Try it – Search the listing below for the line containing "Used 2018 Jeep". From there through the line containing "Terreno en avenida Vespasiano Gonzaga s/n", transcribe every line exactly, both ends included.

Material for this exercise –
= Beginning of Section =
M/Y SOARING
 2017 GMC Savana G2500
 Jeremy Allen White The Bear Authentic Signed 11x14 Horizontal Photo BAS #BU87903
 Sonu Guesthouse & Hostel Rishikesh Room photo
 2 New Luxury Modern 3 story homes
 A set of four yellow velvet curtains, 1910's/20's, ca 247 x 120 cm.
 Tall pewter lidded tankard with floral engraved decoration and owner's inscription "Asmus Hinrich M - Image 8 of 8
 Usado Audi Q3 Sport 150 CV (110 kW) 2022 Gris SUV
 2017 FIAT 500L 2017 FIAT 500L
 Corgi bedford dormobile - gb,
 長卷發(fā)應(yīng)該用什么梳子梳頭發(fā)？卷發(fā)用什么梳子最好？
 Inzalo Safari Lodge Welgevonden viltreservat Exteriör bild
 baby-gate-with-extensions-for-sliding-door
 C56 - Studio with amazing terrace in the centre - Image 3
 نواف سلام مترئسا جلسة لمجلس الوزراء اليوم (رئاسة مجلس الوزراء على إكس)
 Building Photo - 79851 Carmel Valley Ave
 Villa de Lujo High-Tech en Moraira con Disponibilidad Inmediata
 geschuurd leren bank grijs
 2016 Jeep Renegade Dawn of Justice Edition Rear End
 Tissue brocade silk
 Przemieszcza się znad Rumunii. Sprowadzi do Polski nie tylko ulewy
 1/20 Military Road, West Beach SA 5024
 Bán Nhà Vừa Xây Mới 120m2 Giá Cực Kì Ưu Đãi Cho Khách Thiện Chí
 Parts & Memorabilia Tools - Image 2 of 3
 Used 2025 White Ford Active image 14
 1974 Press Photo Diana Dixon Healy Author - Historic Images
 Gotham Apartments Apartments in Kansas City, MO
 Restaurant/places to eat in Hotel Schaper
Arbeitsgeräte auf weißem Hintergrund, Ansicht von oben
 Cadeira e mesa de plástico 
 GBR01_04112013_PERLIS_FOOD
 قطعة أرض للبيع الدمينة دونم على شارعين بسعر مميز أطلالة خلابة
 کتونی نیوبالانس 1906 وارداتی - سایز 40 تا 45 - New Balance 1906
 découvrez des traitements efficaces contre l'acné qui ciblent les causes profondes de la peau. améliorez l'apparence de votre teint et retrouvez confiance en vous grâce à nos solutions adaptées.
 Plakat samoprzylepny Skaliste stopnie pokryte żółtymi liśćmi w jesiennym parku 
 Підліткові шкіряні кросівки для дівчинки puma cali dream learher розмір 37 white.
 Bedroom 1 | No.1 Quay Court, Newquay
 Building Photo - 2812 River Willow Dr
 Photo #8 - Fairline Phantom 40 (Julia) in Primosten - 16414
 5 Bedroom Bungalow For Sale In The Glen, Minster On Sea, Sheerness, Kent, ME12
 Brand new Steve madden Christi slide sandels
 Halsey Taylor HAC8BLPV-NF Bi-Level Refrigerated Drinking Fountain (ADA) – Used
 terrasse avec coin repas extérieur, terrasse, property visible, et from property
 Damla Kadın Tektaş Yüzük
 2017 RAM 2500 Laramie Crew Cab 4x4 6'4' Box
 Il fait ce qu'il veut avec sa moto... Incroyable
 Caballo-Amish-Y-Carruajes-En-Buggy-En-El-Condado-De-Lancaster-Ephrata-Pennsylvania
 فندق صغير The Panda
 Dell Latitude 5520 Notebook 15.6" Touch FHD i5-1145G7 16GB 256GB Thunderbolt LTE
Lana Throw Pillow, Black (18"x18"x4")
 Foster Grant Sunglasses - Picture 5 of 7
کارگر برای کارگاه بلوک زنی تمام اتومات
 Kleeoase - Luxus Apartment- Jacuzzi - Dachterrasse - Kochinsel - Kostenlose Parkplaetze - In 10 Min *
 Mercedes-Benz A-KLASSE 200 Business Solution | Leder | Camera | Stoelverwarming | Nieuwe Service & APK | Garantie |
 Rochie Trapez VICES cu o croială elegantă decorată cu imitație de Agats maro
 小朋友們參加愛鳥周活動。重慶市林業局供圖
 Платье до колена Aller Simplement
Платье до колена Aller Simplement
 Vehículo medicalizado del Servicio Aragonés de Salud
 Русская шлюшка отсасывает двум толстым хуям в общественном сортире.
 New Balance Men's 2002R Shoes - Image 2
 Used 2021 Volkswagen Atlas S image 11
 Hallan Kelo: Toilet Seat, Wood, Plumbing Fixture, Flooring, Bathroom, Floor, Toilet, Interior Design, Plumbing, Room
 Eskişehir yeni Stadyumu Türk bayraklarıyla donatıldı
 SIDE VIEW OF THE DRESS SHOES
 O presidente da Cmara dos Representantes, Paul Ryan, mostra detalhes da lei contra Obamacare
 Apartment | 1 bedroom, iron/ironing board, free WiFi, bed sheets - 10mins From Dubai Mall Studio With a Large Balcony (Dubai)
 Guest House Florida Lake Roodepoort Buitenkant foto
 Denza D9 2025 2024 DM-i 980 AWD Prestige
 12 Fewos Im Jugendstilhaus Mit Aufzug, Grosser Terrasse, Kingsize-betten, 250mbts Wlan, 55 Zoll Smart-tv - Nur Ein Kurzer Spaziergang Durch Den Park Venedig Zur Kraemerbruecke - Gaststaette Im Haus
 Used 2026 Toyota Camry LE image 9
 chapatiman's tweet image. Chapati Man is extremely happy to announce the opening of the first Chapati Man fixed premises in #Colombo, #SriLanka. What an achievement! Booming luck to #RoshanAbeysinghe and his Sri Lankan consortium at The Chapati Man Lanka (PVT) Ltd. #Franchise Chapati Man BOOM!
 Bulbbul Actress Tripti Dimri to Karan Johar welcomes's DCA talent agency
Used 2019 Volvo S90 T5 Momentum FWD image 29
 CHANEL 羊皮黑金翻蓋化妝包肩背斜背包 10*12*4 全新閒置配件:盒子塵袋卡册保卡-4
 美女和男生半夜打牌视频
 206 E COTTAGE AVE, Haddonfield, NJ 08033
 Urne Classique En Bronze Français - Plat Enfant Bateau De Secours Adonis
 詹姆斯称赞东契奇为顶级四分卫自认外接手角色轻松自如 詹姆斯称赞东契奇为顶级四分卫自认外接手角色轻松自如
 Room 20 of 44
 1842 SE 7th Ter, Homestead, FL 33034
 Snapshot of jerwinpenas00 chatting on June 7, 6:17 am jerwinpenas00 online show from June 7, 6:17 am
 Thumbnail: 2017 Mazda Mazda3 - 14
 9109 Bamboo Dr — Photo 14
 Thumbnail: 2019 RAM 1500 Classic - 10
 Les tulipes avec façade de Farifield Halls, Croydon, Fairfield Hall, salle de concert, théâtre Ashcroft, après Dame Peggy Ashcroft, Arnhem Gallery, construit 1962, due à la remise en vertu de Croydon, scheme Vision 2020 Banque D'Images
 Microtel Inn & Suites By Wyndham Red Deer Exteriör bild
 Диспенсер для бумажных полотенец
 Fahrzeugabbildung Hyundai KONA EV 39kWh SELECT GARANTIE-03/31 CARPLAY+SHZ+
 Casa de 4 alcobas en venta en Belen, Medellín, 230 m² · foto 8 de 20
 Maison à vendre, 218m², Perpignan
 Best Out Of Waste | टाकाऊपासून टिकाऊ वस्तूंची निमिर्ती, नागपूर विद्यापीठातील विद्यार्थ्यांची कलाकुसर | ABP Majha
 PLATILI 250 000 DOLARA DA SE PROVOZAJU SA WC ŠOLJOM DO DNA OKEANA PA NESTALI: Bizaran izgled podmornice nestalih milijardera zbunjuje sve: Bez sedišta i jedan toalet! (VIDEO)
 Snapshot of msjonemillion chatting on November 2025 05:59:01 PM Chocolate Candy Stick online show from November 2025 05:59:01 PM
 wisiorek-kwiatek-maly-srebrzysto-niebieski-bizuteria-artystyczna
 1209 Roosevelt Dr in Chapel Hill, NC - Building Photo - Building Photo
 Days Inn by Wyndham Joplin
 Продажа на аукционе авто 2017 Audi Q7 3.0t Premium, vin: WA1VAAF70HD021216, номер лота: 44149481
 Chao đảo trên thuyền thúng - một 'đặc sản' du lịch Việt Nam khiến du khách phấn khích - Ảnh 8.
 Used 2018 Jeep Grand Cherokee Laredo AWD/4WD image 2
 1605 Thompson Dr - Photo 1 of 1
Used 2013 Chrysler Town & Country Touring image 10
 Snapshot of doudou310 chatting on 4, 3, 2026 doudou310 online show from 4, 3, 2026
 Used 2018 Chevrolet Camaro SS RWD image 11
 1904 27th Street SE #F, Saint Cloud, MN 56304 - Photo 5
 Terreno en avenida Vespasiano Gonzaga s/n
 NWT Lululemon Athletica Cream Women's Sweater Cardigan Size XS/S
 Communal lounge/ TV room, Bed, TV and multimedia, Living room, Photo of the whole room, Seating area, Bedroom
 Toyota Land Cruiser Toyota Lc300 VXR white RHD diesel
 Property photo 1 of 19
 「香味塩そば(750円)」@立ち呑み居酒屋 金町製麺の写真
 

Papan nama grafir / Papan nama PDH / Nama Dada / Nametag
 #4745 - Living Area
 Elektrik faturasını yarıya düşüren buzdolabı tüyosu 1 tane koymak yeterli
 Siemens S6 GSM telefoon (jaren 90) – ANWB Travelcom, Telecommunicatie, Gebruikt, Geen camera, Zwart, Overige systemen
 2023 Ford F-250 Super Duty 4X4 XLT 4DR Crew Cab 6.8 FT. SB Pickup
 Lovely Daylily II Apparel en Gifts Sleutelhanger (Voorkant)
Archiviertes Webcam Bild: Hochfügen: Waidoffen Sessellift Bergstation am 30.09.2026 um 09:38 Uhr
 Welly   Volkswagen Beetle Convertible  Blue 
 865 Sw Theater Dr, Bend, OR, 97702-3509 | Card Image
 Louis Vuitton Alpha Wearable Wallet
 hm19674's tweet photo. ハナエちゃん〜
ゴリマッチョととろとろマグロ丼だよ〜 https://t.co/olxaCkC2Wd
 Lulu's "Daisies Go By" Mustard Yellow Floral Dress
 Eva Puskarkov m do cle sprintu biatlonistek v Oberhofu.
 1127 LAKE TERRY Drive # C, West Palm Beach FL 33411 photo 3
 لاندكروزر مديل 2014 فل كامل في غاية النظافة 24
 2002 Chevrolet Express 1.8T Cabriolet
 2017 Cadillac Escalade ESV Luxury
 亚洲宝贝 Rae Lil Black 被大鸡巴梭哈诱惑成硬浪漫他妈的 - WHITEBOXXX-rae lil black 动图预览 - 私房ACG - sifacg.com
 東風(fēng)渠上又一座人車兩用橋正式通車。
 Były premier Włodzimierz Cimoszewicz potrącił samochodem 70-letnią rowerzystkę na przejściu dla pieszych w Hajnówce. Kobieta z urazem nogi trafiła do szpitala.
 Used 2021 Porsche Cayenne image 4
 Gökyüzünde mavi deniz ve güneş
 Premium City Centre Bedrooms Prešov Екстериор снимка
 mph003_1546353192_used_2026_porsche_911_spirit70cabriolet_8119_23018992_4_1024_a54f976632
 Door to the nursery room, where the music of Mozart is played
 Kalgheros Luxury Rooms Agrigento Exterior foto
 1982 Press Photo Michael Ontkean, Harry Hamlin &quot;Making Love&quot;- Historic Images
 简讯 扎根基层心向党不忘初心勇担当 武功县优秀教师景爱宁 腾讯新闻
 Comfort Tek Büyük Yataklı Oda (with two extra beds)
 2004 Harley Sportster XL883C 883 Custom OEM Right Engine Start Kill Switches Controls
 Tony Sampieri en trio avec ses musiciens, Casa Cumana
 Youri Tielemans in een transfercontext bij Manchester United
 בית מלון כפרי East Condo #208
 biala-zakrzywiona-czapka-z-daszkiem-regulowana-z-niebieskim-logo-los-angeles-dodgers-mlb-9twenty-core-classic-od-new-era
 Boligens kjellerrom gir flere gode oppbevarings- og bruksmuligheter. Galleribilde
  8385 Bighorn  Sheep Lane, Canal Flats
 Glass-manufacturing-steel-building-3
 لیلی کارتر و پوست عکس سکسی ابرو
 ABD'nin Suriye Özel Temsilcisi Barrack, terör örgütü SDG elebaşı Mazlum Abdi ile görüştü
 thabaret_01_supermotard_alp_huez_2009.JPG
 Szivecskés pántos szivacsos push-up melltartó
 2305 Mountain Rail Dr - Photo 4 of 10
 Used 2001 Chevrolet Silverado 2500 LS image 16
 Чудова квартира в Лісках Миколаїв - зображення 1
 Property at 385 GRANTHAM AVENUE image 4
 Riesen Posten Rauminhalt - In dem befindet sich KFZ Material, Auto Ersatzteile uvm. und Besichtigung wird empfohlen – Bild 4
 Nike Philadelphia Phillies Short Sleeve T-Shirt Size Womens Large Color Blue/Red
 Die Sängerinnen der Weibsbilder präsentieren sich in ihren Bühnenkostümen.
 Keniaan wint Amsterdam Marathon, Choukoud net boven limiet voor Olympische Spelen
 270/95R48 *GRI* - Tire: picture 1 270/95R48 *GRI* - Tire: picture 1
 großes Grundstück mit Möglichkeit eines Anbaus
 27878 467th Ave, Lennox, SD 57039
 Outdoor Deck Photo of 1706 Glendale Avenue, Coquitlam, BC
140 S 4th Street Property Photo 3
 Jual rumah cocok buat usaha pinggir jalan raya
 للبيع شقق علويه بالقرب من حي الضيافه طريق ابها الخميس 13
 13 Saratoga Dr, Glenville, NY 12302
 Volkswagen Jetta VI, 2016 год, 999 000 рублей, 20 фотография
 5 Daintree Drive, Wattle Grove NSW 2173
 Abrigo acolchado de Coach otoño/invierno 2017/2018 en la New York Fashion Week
= End of Section =
Output of the task –
 Used 2018 Jeep Grand Cherokee Laredo AWD/4WD image 2
 1605 Thompson Dr - Photo 1 of 1
Used 2013 Chrysler Town & Country Touring image 10
 Snapshot of doudou310 chatting on 4, 3, 2026 doudou310 online show from 4, 3, 2026
 Used 2018 Chevrolet Camaro SS RWD image 11
 1904 27th Street SE #F, Saint Cloud, MN 56304 - Photo 5
 Terreno en avenida Vespasiano Gonzaga s/n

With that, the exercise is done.